Summary Slides (MS-PowerPoint97)
Annotations:
(Shawn)
Slide 1: Introduction
What is Text Summarization?
A method of compressing a document into a shorter document
which describes what the document is about...
Slide 2: Introduction
It produces a summary.
Slide 3: Introduction
...which is automatically generated...
Slide 4 Introduction
...in regards to a certain document or set of documents...
Slide 5: Introduction
...though, we want to produce a summary that is at least
as good as a human would be able to produce.
Slide 6: Introduction
Typically though, Summarization
is a hard problem. So, as is usual, we borrow from people who have
part of the problem solved, and try to come up with something from there.
Information Extraction:
Text -> Structured Representation(DB)
-- Structured representations
are easier to deal with for computers.
Information Retrieval: Retrieving Documents based on free text (natural language) queries.
Text Mining: Getting specific information from free text.
Text Generation: Generating text from some sort of information (meaning) structure.
(Keri)
Slide 7: Types of Text
Summarization
There are many different types of summaries that fulfill
different user needs. Indicative summaries are used for quick categorization
while informative summaries employ some content processing. Similarly,
an extract simply lists key phrases from a text while an abstract is cohesive
and coherent and may be re-phrased. Generic summaries reflect a specific
author's viewpoint while query-oriented summaries respond to a user's needs.
Background summaries offer extensive information because they assume a
reader's understanding of the subject is poor while just-the-news summaries
assume that the reader understands the topic well and only needs to be
updated.

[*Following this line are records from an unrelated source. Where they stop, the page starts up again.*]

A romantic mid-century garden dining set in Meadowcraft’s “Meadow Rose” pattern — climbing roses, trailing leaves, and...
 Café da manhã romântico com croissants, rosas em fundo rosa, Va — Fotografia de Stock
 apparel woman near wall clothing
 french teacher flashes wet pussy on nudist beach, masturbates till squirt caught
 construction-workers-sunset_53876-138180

Single-document summaries only have one source while multi-document
summaries fuse together information from many sources (Hovy and Marcu,
2000).
Slide 8: Types of Text Summarization
Summaries can look at all the information in a document or only the information that is deemed relevant.

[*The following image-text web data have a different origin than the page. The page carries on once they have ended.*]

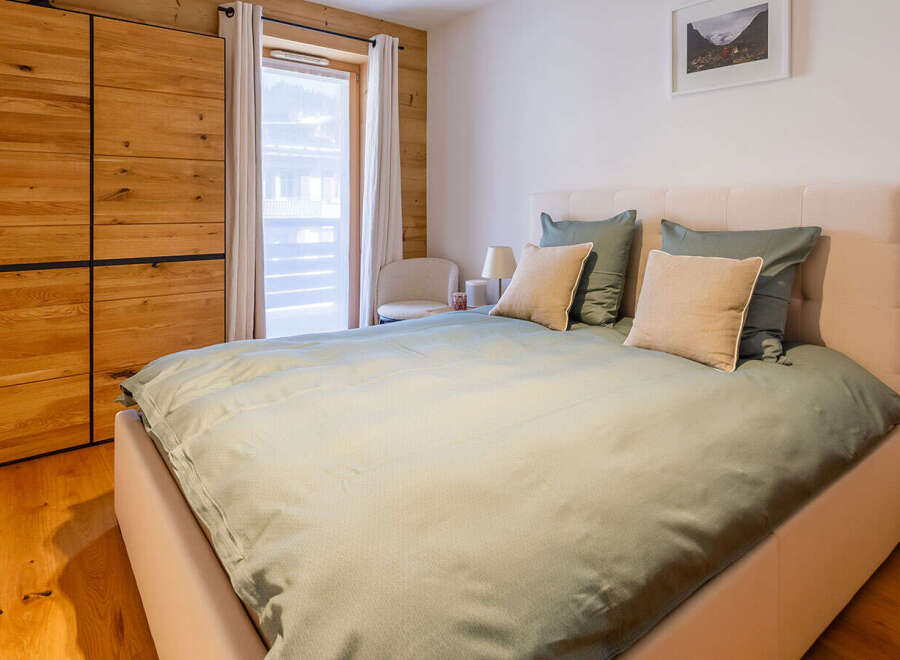 Discover a cozy bedroom retreat with a touch of rustic charm.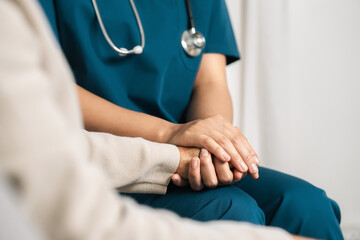 A female nurse caregiver holds hands to encourage and comfort an elderly woman. For care and trust...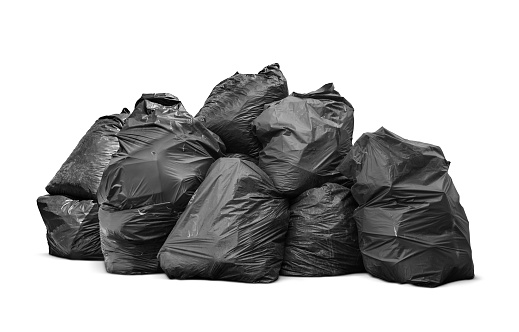 Black garbage bags stack or Waste plastic bags isolated on white background with clipping path, environment concept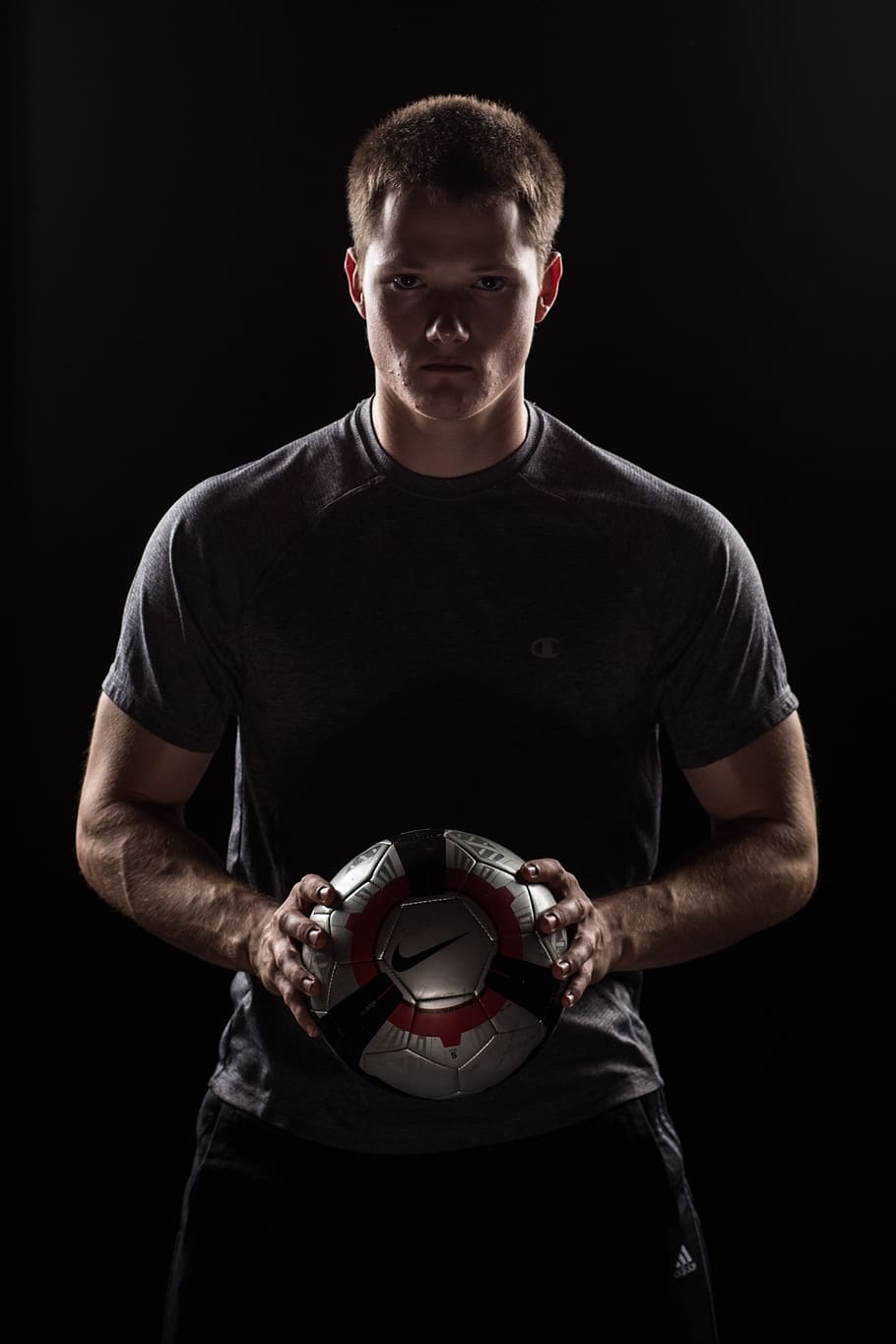 man, wearing, gray, crew-neck t-shirt, holding, black, nike soccer ball, soccer, sports, model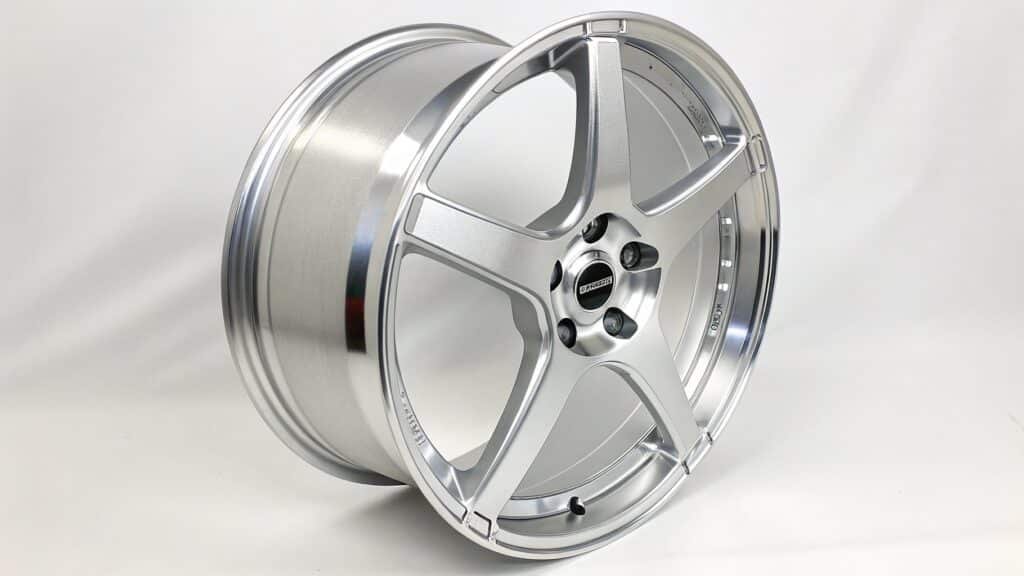 An image showing a material specification sheet where alloy components are listed by their chemical symbols: Al, Si, Mg, Cu, etc., with 'Al' having the highest percentage.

Slide 9: Types of Text Summarization
Summarization tasks can also be categorized into two broad types of approach: approached from the top-down (a query-driven focus) versus bottom-up (text-driven focus) (Hovy and Marcu, 2000).
Slide 10: What do Human Summarizers Do?
Before taking a look at the computational approach to
the summarization problem, it is interesting to
examine how humans handle the problem. General
processes that humans use when summarizing written
or spoken text include: deleting extraneous information
where possible and rewriting remaining
information to make it more general and more compact.

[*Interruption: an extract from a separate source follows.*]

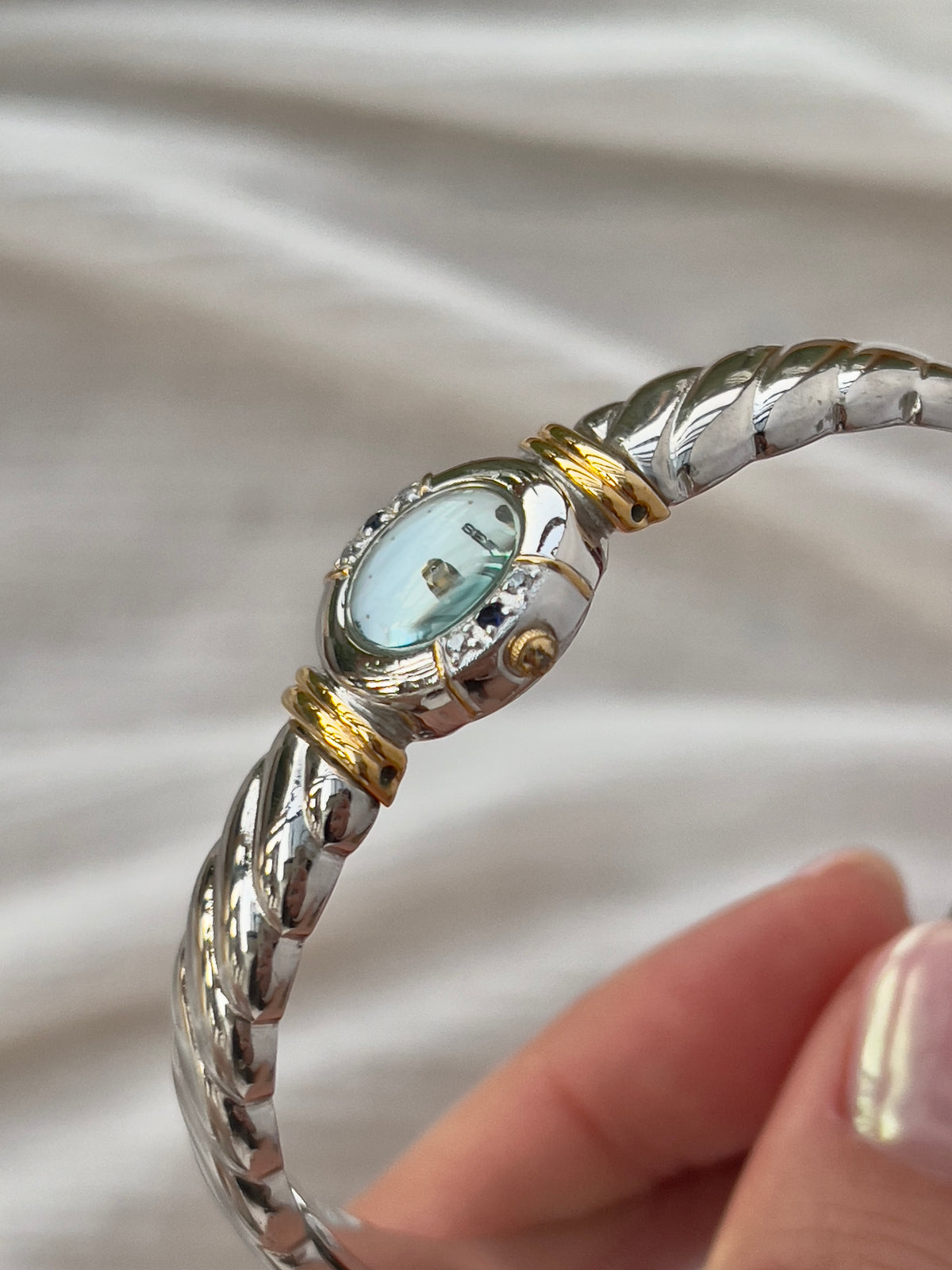 Seiko Bangle Woman's Watch – Two-Tone with Sapphire and Diamond Accents — close detail of the dial and band.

Slide 11: What do Human Summarizers Do?
To illustrate, consider an example from Engres-Niggemeyer (1998).
Example:
"Father was washing dishes. Mother was working
on her new book. The daughter was busy painting the window frames."
After summarization:
"The whole family was busy."
The task of summarizing the following sentences involves all three steps mentioned above. First, extraneous material - that the book Mother was working on was new - was deleted. Then, generalizations were made. Mother, father and daughter are all elements of a family. Washing, writing, and painting are all things that one can be busy with. Dishes, book and window frames are all objects that can be replaced by any-object. Finally, a process that Engres-Niggemeyer calls construction allows all three sentences to be compacted into one: one member of the family is busy doing something with any-object + one member of the family is busy doing something with any-object object + one member of the family is busy doing something with any-object = the whole family is busy (with any object). "With any object" can then be deleted, because it is extraneous information.
Slide 12: What do Human Summarizers Do?
However, this summarization does not work when the paragraph is expanded to include additional information (see slide for expanded example).
Slide 13: What do Human Summarizers Do?
Now, the most important point of the story is not that the whole family was busy, but rather the entire family supported mother in getting her book done. This example is intended to stress the importance of understanding the entire story before abstracting from it
Slide 14: What do Human Summarizers Do?
Humans summarize information about the world on a constant basis in daily life. Faced with large amounts of incoming information, humans combine information into meaningful and manageable representative bits. In conversation, for example, we chunk information from the discourse into distilled and reduced higher representations. We generalize (a bottom-up process) to representation of meaning when taking in information and go from a generalized meaning to a specific meaning (a top-down process) when we create or reinterpret information. In addition, we make use of cues to understand what the discourse is about, and therefore, how to generalize (or summarize) it best. These signals include knowledge about the domain of the topic, syntactic cues (such as topic-comment structures and connectives such as "like", "but", "however", "because"), stylistic and rhetoric cues ("The most pressing thing to do was", "I conclude that"), structure knowledge (narrative structure), and context or situational cues (Engres-Niggemeyer, 1998).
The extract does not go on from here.